By Mass Communication Specialist 1st Class Victoria Mejicanos
PHILIPPINE SEA – In the middle of the Philippine Sea, beneath eight Harpoon missiles lying ready on the top deck, there on a table lays face masks, nail polish, and snacks. Not a usual set up for a United States’ war room, but this was the scene set aboard Arleigh Burke-class destroyer USS Hopper (DDG 70) on Oct. 29.
The ship’s crew contingency is made up of approximately 360 personnel. Of this, more than 60 – nearly 17 percent – are women, enlisted and commissioned combined. In 2017, the Department of Defense reported 15.1 percent of its overall force was comprised of women, and the women aboard Hopper decided to embrace their above-average status.
The senior women of the crew came together and molded a group that call themselves, “Women of Grace”-an ode to the ship’s namesake, the late Rear Adm. Grace Hopper. The group has begun holding meetings every Sunday, creating a platform for ladies to come to a safe space to find mentorship, ask for peer advice, speak about past and current experiences, and come together for a sense of fellowship.
“Outside of this group, we often find ourselves in rooms where we are the only woman there,” said Chief Sonar Technician (Surface) Kegan Dyer. “For one day a week, we have a spot just for us.”
While the pretense of face masks and hair braiding – executed by the talented Chief Sonar Technician (Surface) 3rd Class Melissa Gunraj – might seem old-fashioned, the notion seems to be resonating among the members of the crew who choose to partake in the meetings.
“This gives me something to look forward to every week,” said Logistics Specialist 2nd Class Sherrion Robinson. “When I start thinking the week is lasting a really long time, I can remember I have this coming up.”
“There is a misconception that we have to sacrifice our femininity when we join the Navy,” said Dyer. “Growing up in the Navy, I felt like I had to work additionally hard against other women to stand out, and I found it difficult to make female friends.
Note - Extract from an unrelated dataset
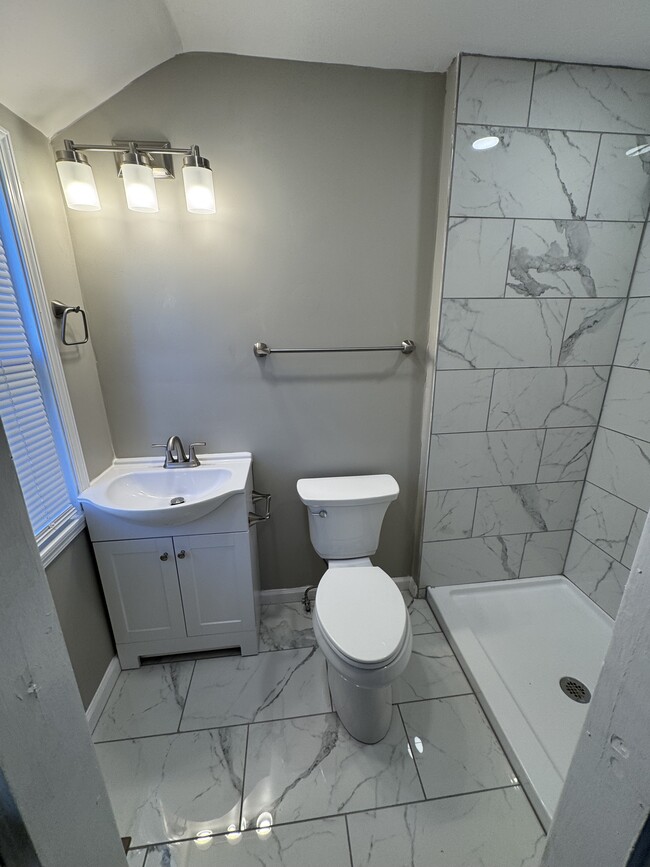 Building Photo - 1029 Woodside Blvd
We don’t believe it should be like that. And even though chiefs and officers are facilitating the group for now, we want the junior crew to know we are like them, and they have a spot among us.”
For now, the group has only met twice but has already evolved. Originally called “Women Empowerment Group” the founders recognized the need to centralize their goals to specialize on the needs of this particular destroyer.
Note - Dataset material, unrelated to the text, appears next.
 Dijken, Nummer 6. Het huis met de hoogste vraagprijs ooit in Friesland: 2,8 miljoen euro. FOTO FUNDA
While the enticement of snacks and manicures might lure membership, it looks like the camaraderie will have Sailors returning.
“Our end goal is increase participation in an effort to build trust and togetherness as a crew,” said Culinary Specialist 1st Class Mandriecka Francis. “At the end of the day, this is our home and we need to make it work for everyone.”
USS Hopper is assigned to Commander, Task Force 71 and deployed to the U.S. 7th Fleet area of operations in support of a free and open Indo-Pacific. Hopper is a multi-mission surface combatant, capable of anti-air, anti-submarine, and anti-surface warfare missions. It can operate independently or in support of carrier and expeditionary strike groups. Hopper is homeported in Pearl Harbor, Hawaii.